India as a host and a probably the world’s most diverse destination backed with a growing economic might will ensure business opportunities seldom seen in the region. The past hubris against mega projects especially in aid of the tourism industry has died down. Convention Centres such as this will fuel a complete eco-system that generations will thank.

Was indeed surprised to note the Government’s initiative to use the building of Convention centers across 21 African Nations as to further the growing diplomatic connect. Who would have thought about a few years back, that India would actually recognize the Convention Centre industry as a sunrise industry!

Asia accounts for a mere 14.3% of the Meetings market in the world and, and India’s share accounts for just 4.9%. In comparison, China accounts for 68% of the Asian share in MICE business and trails only the US in the market globally. In terms of Meeting infrastructure, China has 92 purpose-built exhibition sites spread over three million square meters. India has just 12 exhibition venues that occupy barely 2.6 lakhs Square Metre of space. India is 40% of China in terms of the size of the economy, but in the exhibition’s infrastructure sphere, we are only 9 percent of what China does. Germany on the other extreme has over three million square meters of exhibition space, which considering India’s exhibition industry, is on a different planet altogether!

With longer gestation periods, no Convention Centres make money on the quick run. It is the City Municipal Corporation, to ensure, we create world-class convention facilities. With increased footfalls, increased tax revenues and adding a new employment engine, the city eventually benefits more! The Indian industry, irrespective their sectors, and verticals need quality meeting infrastructure. The current ‘Make in India’ mania is useless if we do not have avenues to display and exhibit to a global audience. Any place, which houses an airport should have a minimum 30,000 square feet of multi-use Convention Centre as part of the City’s infrastructure.

The advent of International Exhibition companies into India has got the industry tremendous respect and enhanced its professionalism. With the marked increase in the number of stakeholders using the exhibition medium, the industry is only poised to grow! As much it will benefit the allied services such as the hospitality, car rental and travel industry, the industry across various sectors are deemed to be the primary beneficiary.

When the global exhibition and trade-show industry is a USD 65 Billion industry with over 31,000 major events taking place and the Indian space is estimated to be worth at Rs. 65,000 Crores with over 700 shows, how can the Indian travel-industry be far behind! The ‘Indian Convention Promotion Bureau’ states ‘Of a total of 8,294 events tracked, India has a market share of 1.1% (Asia & Middle East has 19.5% share) with an estimated size of the MICE industry in India around Rs 4,000 – 5,500 crores. Still a minuscule part of a global market space of over USD 65 Billion!

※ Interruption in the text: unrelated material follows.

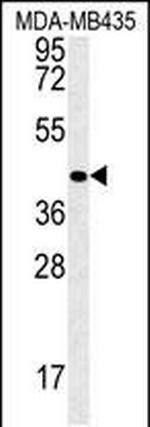 VASH2 Antibody in Western Blot (WB)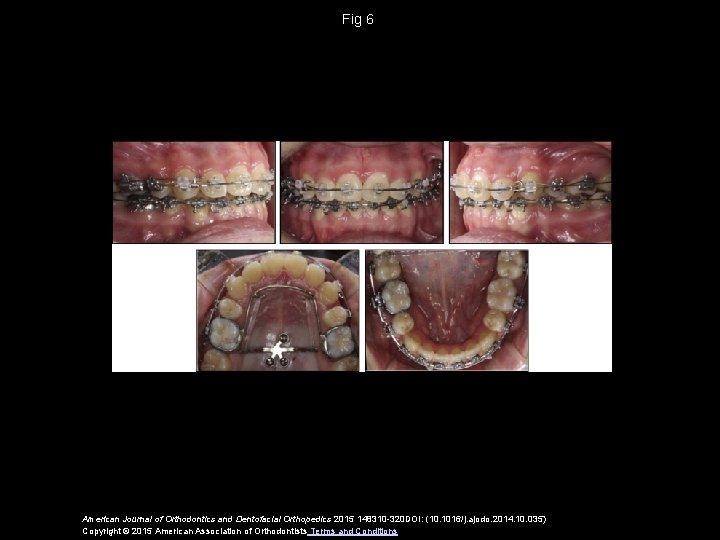 Fig 6 American Journal of Orthodontics and Dentofacial Orthopedics 2015 148310 -320 DOI: (10.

Even cities like Mumbai and Delhi have no world-class event facilities. Making do with present Event infrastructure and current permissions and license regime required to organize trade-fairs is time-consuming and a sure dampener. The industry should demand a single window agency as procedures are getting more tedious than ever before. Venues should assist in permissions and here the efforts of Chennai Trade Centre are adulatory!

Being part of the Travel Event industry, it is quite mandatory for us to be at various events across the world. The quality of the event infrastructure had always been a point of envy. Most International travel events across the world also enjoy tremendous patronage from the National Tourist Organization and Government bodies, which they see as a booster to their economy and the sure wind beneath their wings!